Work instruction: Each record that follows is to be reproduced character for character, pictures excepted.

Source data:
=======
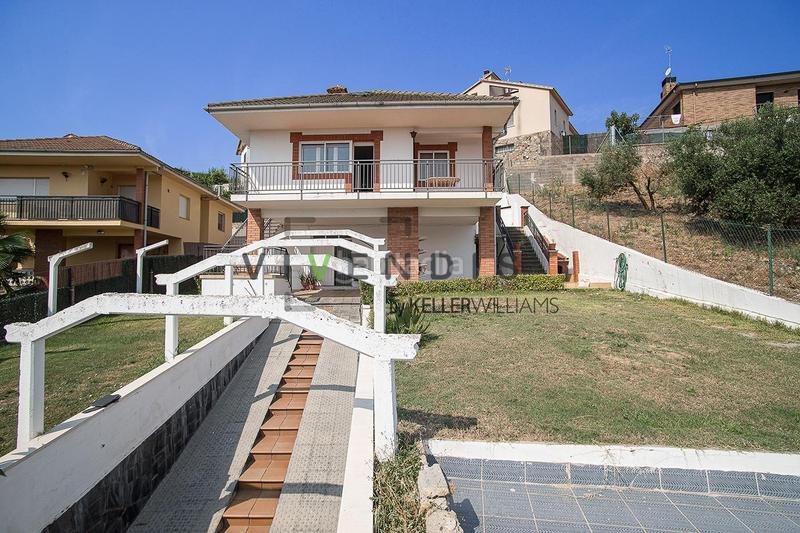 6 bedrooms House in Abrera, Spain No. 264811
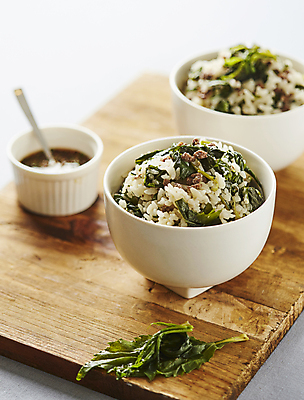 포토 JPG 사람없음 아웃포커스 소고기 양념 소스 흰배경 나무도마 나물밥 취나물 취나물밥 국내포토 백그라운드 밥 도마 촬영기법 육류 목재 흰색 나물 파일형식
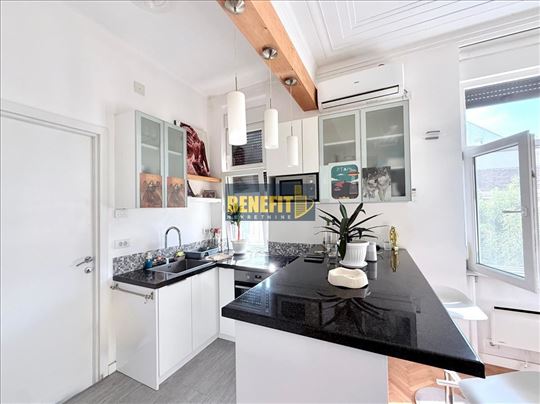 Lux stan u centru grada, Trg Republike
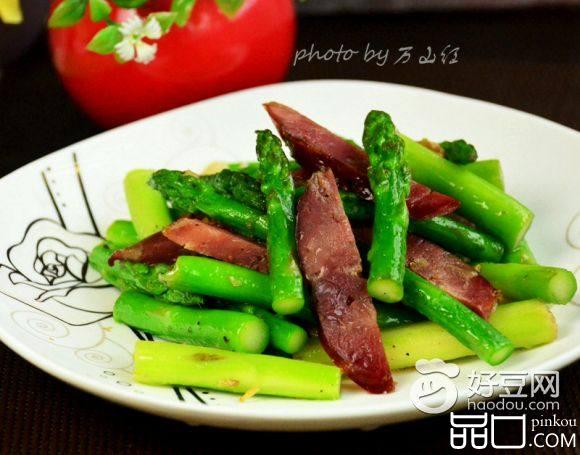 芦笋炒腊肠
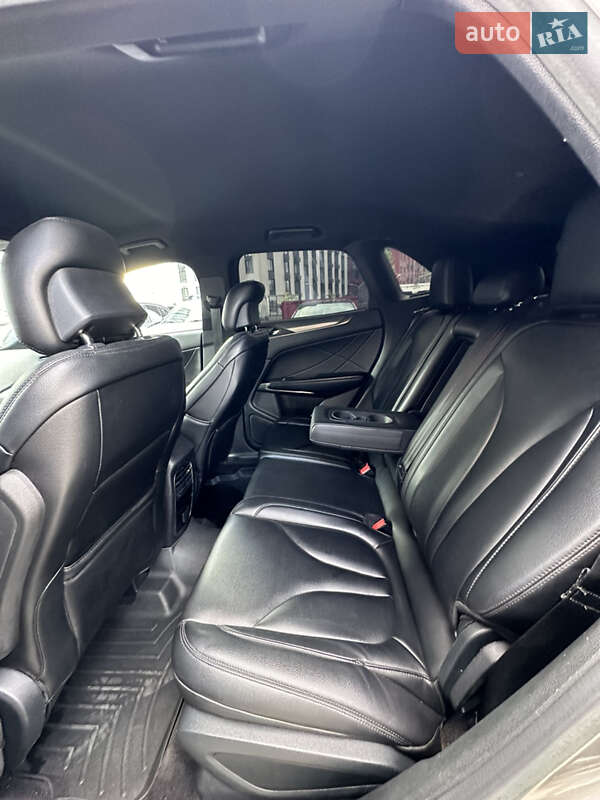 Позашляховик / Кросовер Lincoln MKC 2017 в Києві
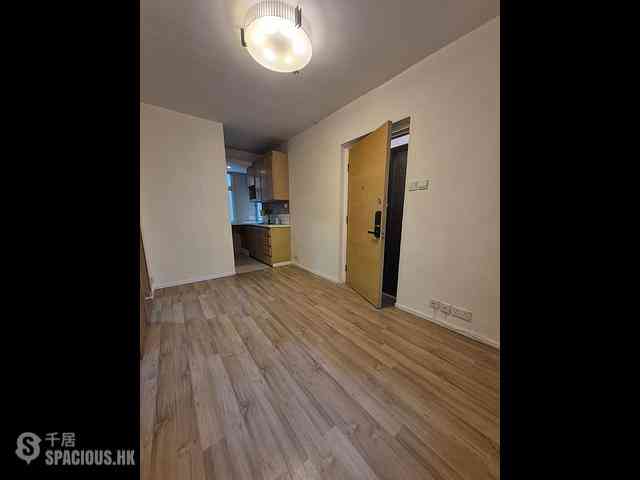 Wan Chai - Luen Lee Building 12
=======
Task answer:
 6 bedrooms House in Abrera, Spain No. 264811
 포토 JPG 사람없음 아웃포커스 소고기 양념 소스 흰배경 나무도마 나물밥 취나물 취나물밥 국내포토 백그라운드 밥 도마 촬영기법 육류 목재 흰색 나물 파일형식
 Lux stan u centru grada, Trg Republike
 芦笋炒腊肠
 Позашляховик / Кросовер Lincoln MKC 2017 в Києві
 Wan Chai - Luen Lee Building 12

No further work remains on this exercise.